Monday, August 27, 2012

Fiesta Chicken Casserole

 
Michelle made this for lunch during our Sister Saturday Spectacular. It was easy to make and everyone loved it. Even the kids ate it. There was none left! I'm not sure where this recipe comes from because she found it on pinterest and the recipe is in the description and when you click on the picture, it takes you to the twitter login page, so if you know where this came from let me know. We would love to give credit for this recipe.
 
2 cups chicken breast grilled & cubed
 2 cups medium shell pasta cooked
  2 cups cheddar/jack cheese blend
 1 can of cream of chicken soup
 1 can Rotel
1 can green chilies
 1/2 cup of milk
  Cover with cheese
salt and pepper to taste!
 
Cook noodles according to the package
Mix all the ingredients together and place in a 9x13 pan
Cover and Bake at 350 for 20 minutes

Monday, February 27, 2012

Baked Cream Cheese Speghetti Casserole

Again Pinterest is the blame for this recipe! We made it the other night for our annual Oscar party, and I thought it was really good. Plus it was way easy to make. I got the recipe from here.





12 oz spaghetti
1 jar of spaghetti sauce (28oz)
1 lb hamburger
1 tsp italian seasoning
1 clove of garlic minced
8 oz cream cheese (softened)
1/2 c Parmesan cheese

Preheat your oven to 350 and grease a 9x13 pan.

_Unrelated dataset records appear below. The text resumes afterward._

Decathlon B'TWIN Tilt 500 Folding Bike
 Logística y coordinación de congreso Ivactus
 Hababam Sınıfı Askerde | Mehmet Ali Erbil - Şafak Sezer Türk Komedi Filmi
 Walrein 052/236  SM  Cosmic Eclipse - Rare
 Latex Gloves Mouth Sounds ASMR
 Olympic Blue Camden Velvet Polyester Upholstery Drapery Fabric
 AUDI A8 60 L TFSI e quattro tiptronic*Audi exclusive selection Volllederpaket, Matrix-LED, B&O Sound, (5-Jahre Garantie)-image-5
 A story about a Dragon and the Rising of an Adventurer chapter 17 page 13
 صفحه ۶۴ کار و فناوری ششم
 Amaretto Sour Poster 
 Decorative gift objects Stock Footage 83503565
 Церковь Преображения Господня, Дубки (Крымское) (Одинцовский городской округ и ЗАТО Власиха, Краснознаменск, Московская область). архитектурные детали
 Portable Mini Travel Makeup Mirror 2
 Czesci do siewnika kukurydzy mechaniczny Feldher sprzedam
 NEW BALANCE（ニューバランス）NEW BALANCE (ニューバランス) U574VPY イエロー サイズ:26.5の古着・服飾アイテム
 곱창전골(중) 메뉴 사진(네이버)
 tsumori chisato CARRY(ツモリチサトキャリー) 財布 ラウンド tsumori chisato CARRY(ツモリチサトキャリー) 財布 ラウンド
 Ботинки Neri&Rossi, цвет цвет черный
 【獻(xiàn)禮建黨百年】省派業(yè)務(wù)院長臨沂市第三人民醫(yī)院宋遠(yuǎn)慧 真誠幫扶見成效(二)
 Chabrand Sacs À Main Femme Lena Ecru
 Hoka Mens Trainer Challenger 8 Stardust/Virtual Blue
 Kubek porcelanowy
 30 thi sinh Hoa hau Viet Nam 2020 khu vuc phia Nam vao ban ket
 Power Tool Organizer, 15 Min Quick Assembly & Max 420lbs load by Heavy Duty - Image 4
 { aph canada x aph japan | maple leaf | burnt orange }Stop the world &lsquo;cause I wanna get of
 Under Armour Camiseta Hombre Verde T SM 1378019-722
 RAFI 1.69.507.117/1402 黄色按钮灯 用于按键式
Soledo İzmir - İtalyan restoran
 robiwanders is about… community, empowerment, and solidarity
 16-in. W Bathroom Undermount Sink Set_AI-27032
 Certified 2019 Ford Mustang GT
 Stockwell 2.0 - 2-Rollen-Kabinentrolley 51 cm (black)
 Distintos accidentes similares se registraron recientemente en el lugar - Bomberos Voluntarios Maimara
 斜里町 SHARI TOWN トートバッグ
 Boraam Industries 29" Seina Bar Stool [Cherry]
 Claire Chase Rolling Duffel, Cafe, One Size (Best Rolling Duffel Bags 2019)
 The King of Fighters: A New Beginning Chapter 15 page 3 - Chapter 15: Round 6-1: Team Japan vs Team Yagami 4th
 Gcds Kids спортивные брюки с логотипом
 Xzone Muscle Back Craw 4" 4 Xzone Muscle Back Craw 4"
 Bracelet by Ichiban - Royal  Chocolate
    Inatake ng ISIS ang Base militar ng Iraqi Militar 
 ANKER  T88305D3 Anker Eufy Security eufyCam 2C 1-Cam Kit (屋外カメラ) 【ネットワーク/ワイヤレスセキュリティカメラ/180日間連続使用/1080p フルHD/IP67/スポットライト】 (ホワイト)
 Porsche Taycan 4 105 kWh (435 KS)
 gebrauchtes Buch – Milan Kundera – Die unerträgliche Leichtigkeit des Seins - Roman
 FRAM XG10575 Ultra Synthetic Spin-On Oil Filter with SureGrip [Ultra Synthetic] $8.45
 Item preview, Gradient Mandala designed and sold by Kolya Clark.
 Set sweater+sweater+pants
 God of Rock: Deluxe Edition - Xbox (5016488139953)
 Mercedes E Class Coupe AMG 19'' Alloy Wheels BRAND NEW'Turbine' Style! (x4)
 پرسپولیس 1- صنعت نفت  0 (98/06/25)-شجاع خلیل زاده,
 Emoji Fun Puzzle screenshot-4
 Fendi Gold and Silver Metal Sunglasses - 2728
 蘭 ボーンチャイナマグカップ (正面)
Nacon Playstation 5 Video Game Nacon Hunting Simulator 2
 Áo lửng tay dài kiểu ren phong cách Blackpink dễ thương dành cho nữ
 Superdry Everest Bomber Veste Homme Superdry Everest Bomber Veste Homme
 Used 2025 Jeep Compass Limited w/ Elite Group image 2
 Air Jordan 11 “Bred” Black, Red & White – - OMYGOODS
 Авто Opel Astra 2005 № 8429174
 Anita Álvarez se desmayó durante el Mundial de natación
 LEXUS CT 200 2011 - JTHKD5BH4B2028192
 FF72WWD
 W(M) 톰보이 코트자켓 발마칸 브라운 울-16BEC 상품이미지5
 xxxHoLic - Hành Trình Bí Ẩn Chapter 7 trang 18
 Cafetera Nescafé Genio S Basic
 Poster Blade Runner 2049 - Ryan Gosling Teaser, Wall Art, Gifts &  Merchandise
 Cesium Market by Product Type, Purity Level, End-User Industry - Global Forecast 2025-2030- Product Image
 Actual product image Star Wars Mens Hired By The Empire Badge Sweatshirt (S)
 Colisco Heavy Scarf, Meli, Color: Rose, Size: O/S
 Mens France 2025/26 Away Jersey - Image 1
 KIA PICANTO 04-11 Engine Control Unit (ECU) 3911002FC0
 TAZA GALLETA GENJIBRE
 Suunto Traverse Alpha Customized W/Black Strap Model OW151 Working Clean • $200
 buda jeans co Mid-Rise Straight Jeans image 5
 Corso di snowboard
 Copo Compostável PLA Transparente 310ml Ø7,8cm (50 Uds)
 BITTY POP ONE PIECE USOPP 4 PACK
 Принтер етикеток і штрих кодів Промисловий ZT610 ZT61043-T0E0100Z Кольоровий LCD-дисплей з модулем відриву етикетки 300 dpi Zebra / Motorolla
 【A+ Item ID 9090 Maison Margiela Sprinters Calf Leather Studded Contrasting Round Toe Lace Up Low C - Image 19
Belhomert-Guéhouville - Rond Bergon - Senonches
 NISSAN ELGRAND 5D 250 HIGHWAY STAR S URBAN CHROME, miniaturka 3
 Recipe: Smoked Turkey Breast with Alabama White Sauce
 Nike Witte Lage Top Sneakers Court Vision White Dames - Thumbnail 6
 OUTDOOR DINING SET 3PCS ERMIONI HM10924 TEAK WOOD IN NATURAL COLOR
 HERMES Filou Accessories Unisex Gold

In a skillet brown meat and drain. Stir in the spaghetti sauce and set aside.

Cook the noodles according to the packet. Drain noodles and place in a bowl. Add the italian seasoning, garlic and cream cheese, mix until cream cheese is melted and the noodles are coated.

put a little bit of the sauce on the bottom of your pan. Then put in the noodles and cover with the rest of the sauce. Sprinkle the parm cheese on top and bake for about 30 minutes!

Enjoy

Wednesday, February 15, 2012

Crockpot Chicken Tacos

I have become obsessed with Pinterest and all of the yummy recipes on there! I found this one, tried it and loved it! You can find the original recipe here. I stole her picture too.



You are never going to believe how easy this is to make!

1 envelope taco seasoning
6 pieces of boneless skinless chicken breasts
1 jar salsa (16 oz)

Stick it all in your crockpot and cook it for 4-6 hours on high or 6-8 hours on low. When it is done the chicken will shred easily. Use whatever taco shells you like (I used soft taco shells) and then put whatever toppings you like on it.

SO GOOD.

Wednesday, November 2, 2011

Caveman Pops.

This is not my recipe. I have been a recipe trying FOOL lately, and I thought I'd share.

I give this 1 thumb up. BUT, BUT! my husband really enjoyed them. So I'd say they're a crowd pleaser.


Pioneer Woman's Caveman Pops (State Fair Style)

Ingredients
■10 whole Turkey Legs
■ BRINE:
■4 quarts Water
■1 cup Kosher Salt
■1 cup Sugar
■1 cup Brown Sugar
■2 Tablespoons Seasoning Blend (I Used Montreal)
■1 whole Bay Leaf
■ Dry Rub
■2 Tablespoons Chili Powder (less If You Don't Like Things Too Spicy!)
■2 teaspoons Seasoning Blend (I Used Montreal)
■2 teaspoons Paprika
■2 teaspoons Onion Salt

Preparation Instructions


In a pot, combine water with the salt, sugar, brown sugar, 2 tablespoons seasoning blend, and bay leaf. Bring to a boil then remove from heat. Allow to cool, then pour into a large container or bowl filled with ice. When mixture is cold, submerge turkey in the brine. Cover the container and brine in the refrigerator for 4 to 6 hours, more if you have time.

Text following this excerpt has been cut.